*** Opening of Material supplied ***

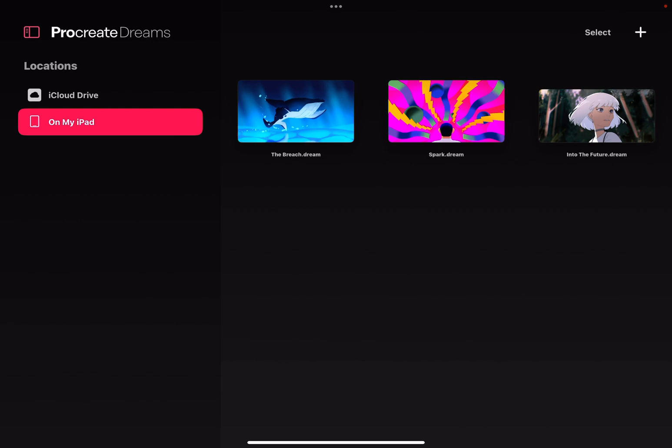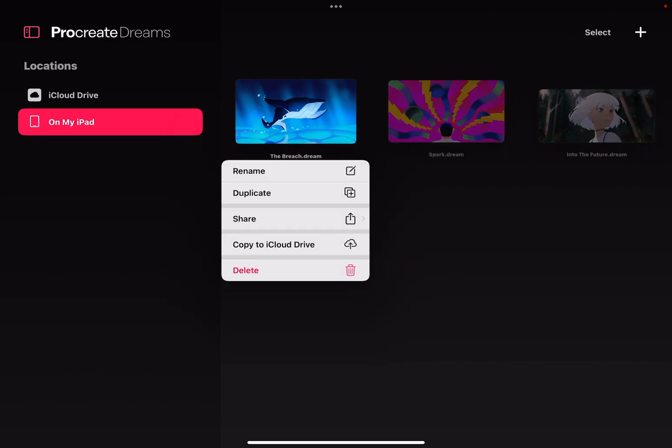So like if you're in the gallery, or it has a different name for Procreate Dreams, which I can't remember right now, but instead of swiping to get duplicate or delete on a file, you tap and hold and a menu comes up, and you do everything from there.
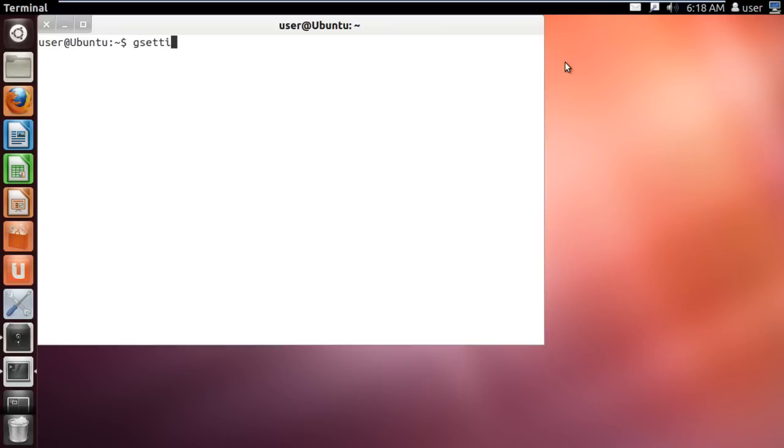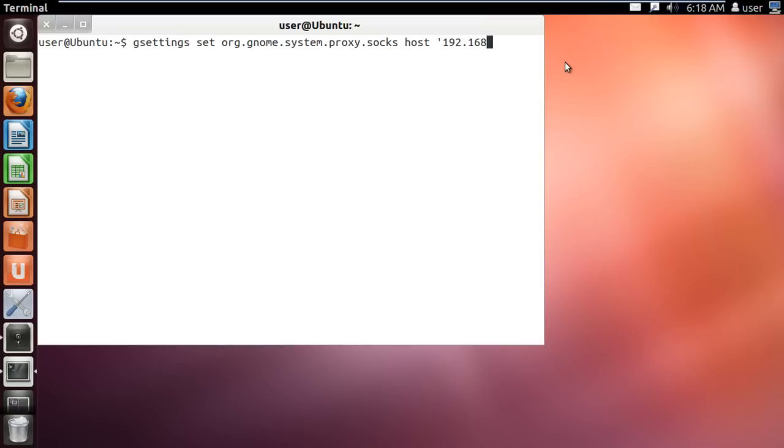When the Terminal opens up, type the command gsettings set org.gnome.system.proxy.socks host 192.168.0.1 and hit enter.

*** Close of Material supplied ***
*** Opening of Material supplied ***

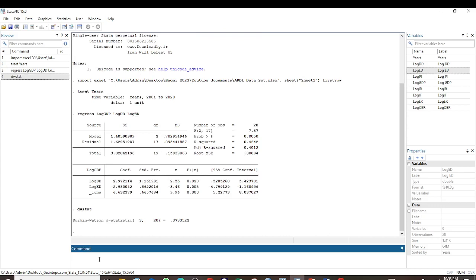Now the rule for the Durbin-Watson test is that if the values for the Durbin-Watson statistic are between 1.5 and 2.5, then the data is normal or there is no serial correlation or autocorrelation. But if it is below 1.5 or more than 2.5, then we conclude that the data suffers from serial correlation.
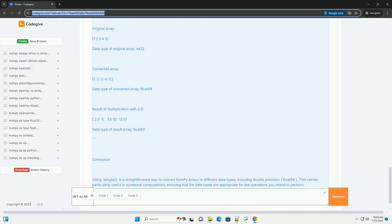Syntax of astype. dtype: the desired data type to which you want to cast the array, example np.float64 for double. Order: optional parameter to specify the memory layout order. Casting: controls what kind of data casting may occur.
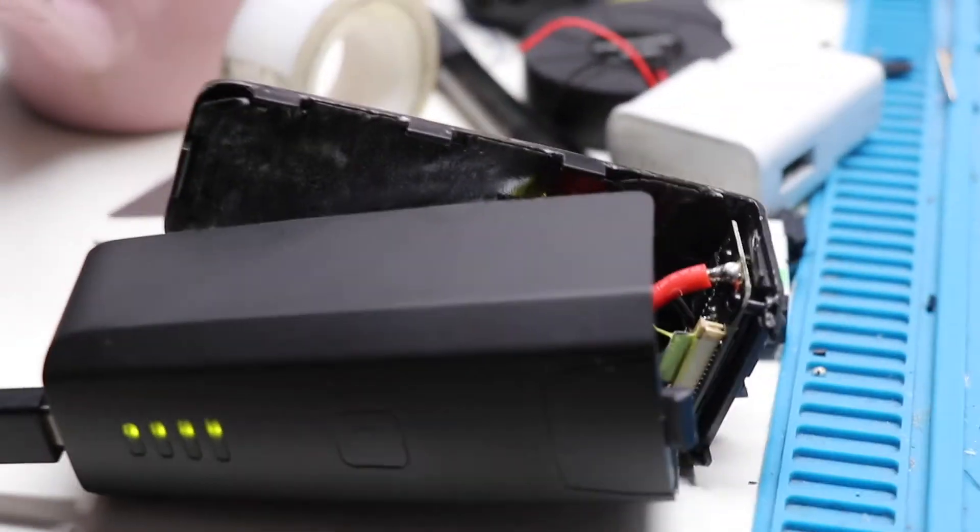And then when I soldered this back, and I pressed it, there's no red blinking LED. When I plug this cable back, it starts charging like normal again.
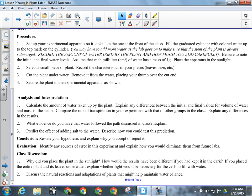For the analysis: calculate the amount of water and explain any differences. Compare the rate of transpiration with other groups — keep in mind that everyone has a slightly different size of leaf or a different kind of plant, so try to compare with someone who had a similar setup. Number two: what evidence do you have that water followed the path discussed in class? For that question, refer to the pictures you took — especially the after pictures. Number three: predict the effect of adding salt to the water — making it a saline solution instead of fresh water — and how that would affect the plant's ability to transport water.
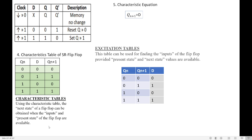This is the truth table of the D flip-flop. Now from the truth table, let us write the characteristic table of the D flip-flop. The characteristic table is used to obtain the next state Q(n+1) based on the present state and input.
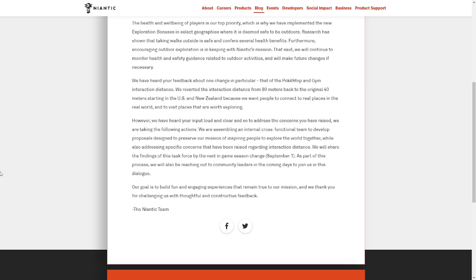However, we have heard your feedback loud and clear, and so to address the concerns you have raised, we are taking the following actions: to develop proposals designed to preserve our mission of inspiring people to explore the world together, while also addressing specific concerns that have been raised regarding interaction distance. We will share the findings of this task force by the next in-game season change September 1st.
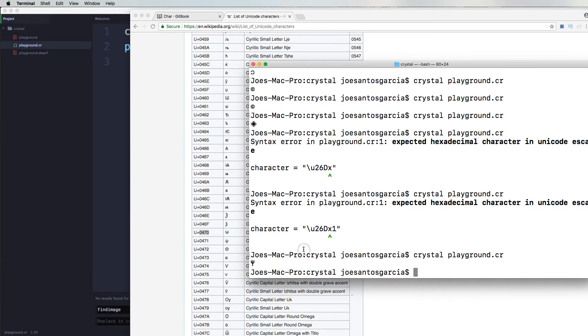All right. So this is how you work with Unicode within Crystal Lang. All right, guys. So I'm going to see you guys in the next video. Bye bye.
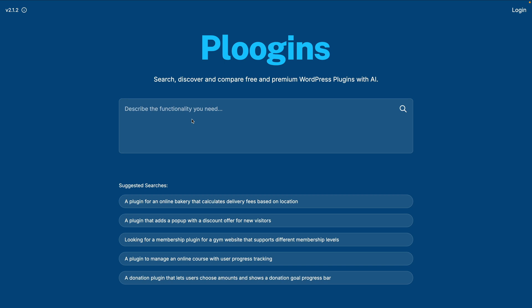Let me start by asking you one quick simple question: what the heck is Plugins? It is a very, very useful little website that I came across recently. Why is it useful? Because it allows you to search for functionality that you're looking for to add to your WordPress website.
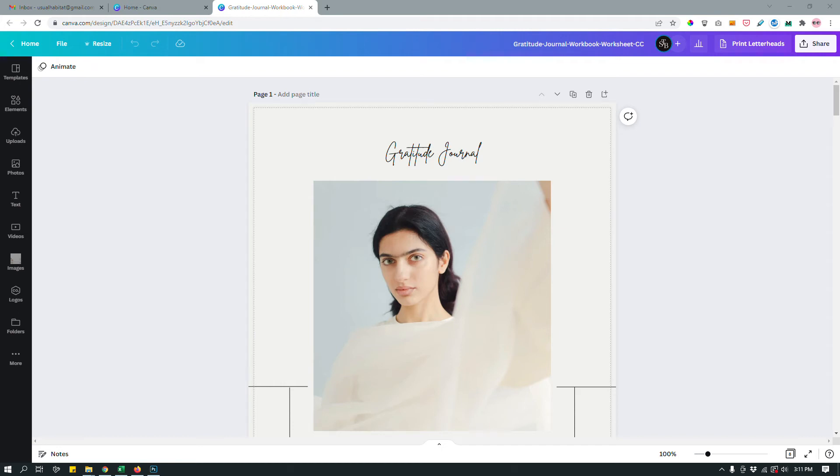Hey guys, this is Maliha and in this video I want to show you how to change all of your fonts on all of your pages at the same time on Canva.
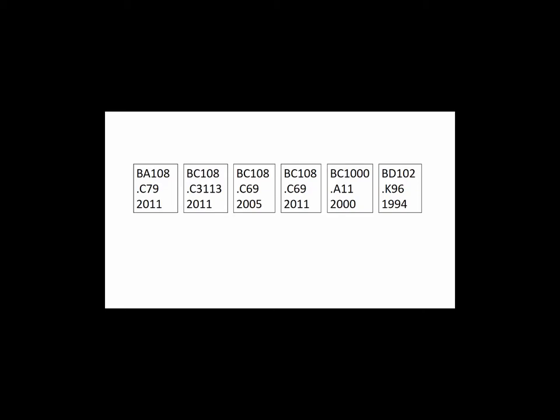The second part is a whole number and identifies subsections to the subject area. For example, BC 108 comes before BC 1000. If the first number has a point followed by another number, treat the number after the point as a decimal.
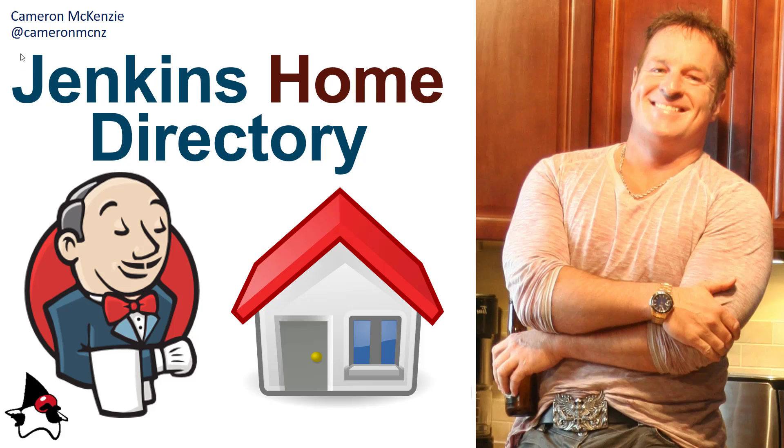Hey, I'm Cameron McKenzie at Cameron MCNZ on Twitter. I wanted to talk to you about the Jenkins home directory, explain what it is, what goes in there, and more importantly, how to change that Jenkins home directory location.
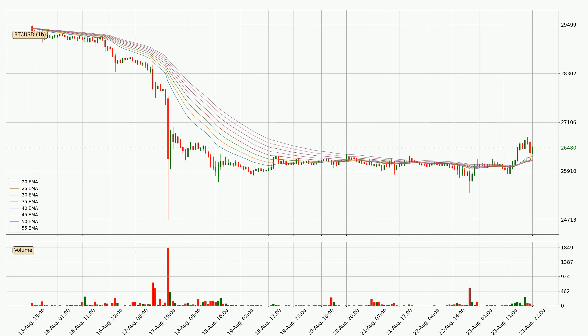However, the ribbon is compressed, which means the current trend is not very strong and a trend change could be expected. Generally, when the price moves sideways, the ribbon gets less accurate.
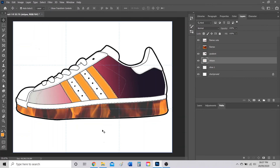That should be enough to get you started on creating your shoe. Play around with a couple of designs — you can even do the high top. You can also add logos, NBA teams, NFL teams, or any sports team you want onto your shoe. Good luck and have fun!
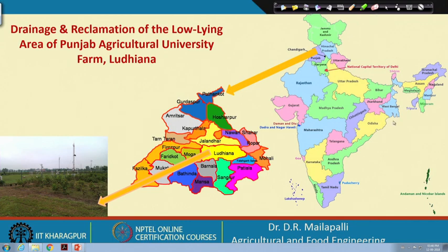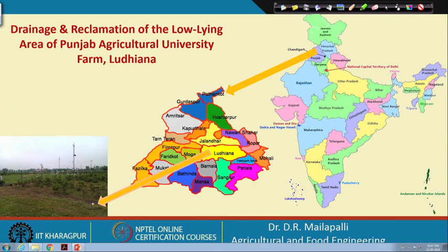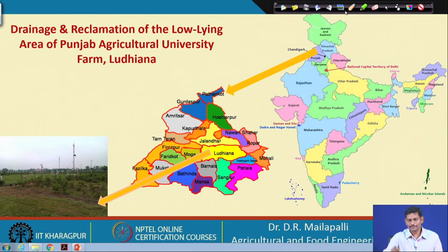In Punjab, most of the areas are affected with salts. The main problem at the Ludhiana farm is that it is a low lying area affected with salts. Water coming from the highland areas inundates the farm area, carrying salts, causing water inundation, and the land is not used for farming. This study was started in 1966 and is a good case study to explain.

*** Close of Material supplied ***

Task instructions:
The lines above starting at the one that holds "Hey guys, this" and ending at the one that holds "That should be" are to be written out exactly, ends included, and no pictures are to be copied.

Output of the exercise:
Hey guys, this is Maliha and in this video I want to show you how to change all of your fonts on all of your pages at the same time on Canva.
The second part is a whole number and identifies subsections to the subject area. For example, BC 108 comes before BC 1000. If the first number has a point followed by another number, treat the number after the point as a decimal.
Hey, I'm Cameron McKenzie at Cameron MCNZ on Twitter. I wanted to talk to you about the Jenkins home directory, explain what it is, what goes in there, and more importantly, how to change that Jenkins home directory location.
However, the ribbon is compressed, which means the current trend is not very strong and a trend change could be expected. Generally, when the price moves sideways, the ribbon gets less accurate.
That should be enough to get you started on creating your shoe. Play around with a couple of designs — you can even do the high top. You can also add logos, NBA teams, NFL teams, or any sports team you want onto your shoe. Good luck and have fun!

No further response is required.